Di Paolo Cacciari – pubblicata anche su comune-info.it. Immagine di Sky TG24

 

Dobbiamo tutti essere immensamente grati a Greta Thunberg per quello che è riuscita  già a fare e sta facendo, a soli vent’anni, per richiamare l’attenzione sulla “crisi climatica ed ecologica”, che si configura come “una crisi esistenziale capace di mettere a rischio la sopravvivenza della nostra civiltà” (p.279). Da ultimo l’attivista svedese ha realizzato un’importante, utile ed intelligente operazione editoriale raccogliendo brevi contributi di più di cento scienziati di svariate discipline “dure”, ma anche di economisti, sociologi, psicologi, giornalisti offendo un quadro davvero completo di tutto ciò che bisogna sapere sul fenomeno del surriscaldamento dell’atmosfera. Ne è uscito The Climate Book (Mondadori, 2022, p.446, Euro 28), un tomo che deve essere posto nelle nostre librerie a portata di mano vicino ai dizionari e alle enciclopedie.

Qualcosa già sapevamo – si intende – essendo ormai note le ricerche fondamentali di scienziati come Johan Rockström sui limiti biogeofisici planetari e Bill McKibben sulle soglie di anidride carbonica ammissibili in atmosfera, degli economisti Nicholas Stern sui costi dei danni ambientali e Thomas Piketty sull’ingiustizia distributiva, delle giornaliste Elizabeth Kolbert sui fallimenti della geoingegneria e Naomi Klein sulle distorsioni del mercato, degli antropologi Jason Hickel sulla differenza tra benessere e crescita e Amitav Chosh sulla storia del surriscaldamento climatico come sopruso dell’Occidente nei confronti del Sud del mondo… solo per citare alcuni autori e autrici che abbiamo avuto la fortuna di leggere anche in traduzioni in italiano. Ma fa davvero impressione avere sott’occhio in uno stesso testo l’ampiezza dello spettro delle distruzioni che un clima collassato arreca ai sistemi di supporto naturali primari della vita sul pianeta, salute umana compresa – malattie zoonotiche docet. Veniamo a sapere che anche piccole variazioni di temperatura provocano la rottura dei delicati equilibri che regolano la “respirazione della superficie della terra”, ovvero del bilancio tra carbonio organico, che rende fertile la terra, e il carbonio presente in atmosfera (Jennifer L. Soog). Scopriamo che ai problemi creati agli insetti dai pesticidi e dai fertilizzati – già denunciati da Rachel Carson sessant’anni fa – si aggiungono ora quelli dello “spezzettamento” degli habitat che ne riducono gli areali.  È  in atto un’“apocalisse di insetti” (Dave Goulson) che rappresentano la maggior parte della vita sulla Terra (sia in termini di numero di specie che di biomassa) e contribuiscono a mantenere sano il suolo e la vegetazione (decomposizione e impollinazione). Ancora più noti gli effetti del riscaldamento sugli oceani: diminuzione della capacità di assorbimento dell’anidride carbonica, innalzamento dei livelli medio marini, maggiore evaporazione e maggiore forza dei cicloni tropicali, modificazione della circolazione delle correnti atlantiche, acidificazione, collasso degli ecosistemi marini (Stefan Rahmstorf, Hans-Otto Pörtner).

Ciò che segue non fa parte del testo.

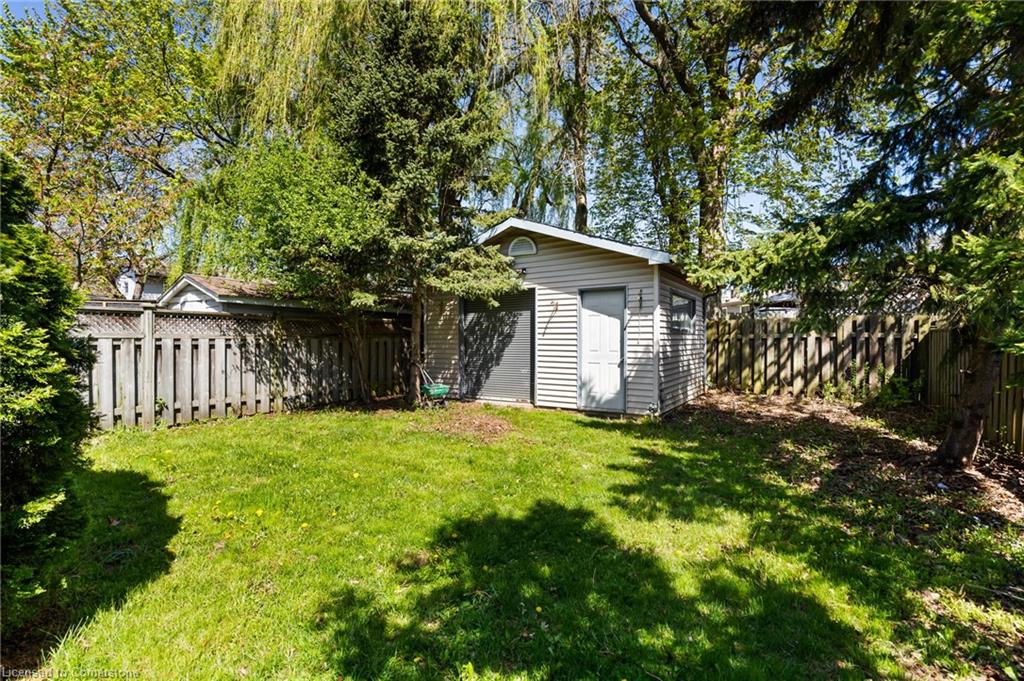 8117 Lynhurst Drive Property Photo 6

La rassegna collazionata da Greta Thunberg non si ferma alle evidenze scientifiche del collasso climatico, prende in esame le responsabilità politiche e le odiose ripercussioni sulla vita delle persone per cui a pagare sono soprattutto le popolazioni che meno hanno contribuito all’accumulo delle emissioni climalteranti. Scrive molto giustamente Thunberg: “Siamo tutti in balia della stessa tempesta, ma di certo non siamo tutti sulla stessa barca” (p.157), qualcuno è più resiliente. “Il fatto che 3 miliardi di persone al mondo consumino meno energia, su base annua pro capite, rispetto ad un frigorifero americano dà l’idea di quanto siamo distanti dalla parità globale e dalla giustizia climatica” (p.154). Da almeno ciquant’anni le imprese, le agenzie pubbliche, i governi conoscono perfettamente l’entità, l’origine, le conseguenze letali del sistema termoindustriale installato sul pianeta. Così come note sono le indicazioni, gli appelli, le proposte concrete che vengono dal mondo scientifico e dai movimenti ambientalisti mirate a fermare una deriva autodistruttiva. La storia cinica e truffaldina dal “negazionismo” (Kevin Anderson), al greenwahing, all’ “inattivismo” dei governi è confermata dallo scostamento crescente tra  gli impegni roboanti (ma sempre “volontari” e “non vincolanti”) che vengono annunciati nelle conferenze internazionali e i risultati reali. Impietoso è il grafico (p. 28) in cui le date dei vari accordi sottoscritti a Stococlma, New York, Kyoto, Parigi, Glagow… da cinquant’anni segnano l’aumento lineare costante delle concentrazioni di CO2 in atmosfera. “Dalla fondazione dell’IPCC nel 1988 le nostre emissioni sono più che raddoppiate” (p.157). Il nuovo record è dello scorso anno. Insomma è più che mai motivato il coraggioso, irriverente  “Bla, bla, bla” lanciato da Greta in faccia ai potenti della Terra.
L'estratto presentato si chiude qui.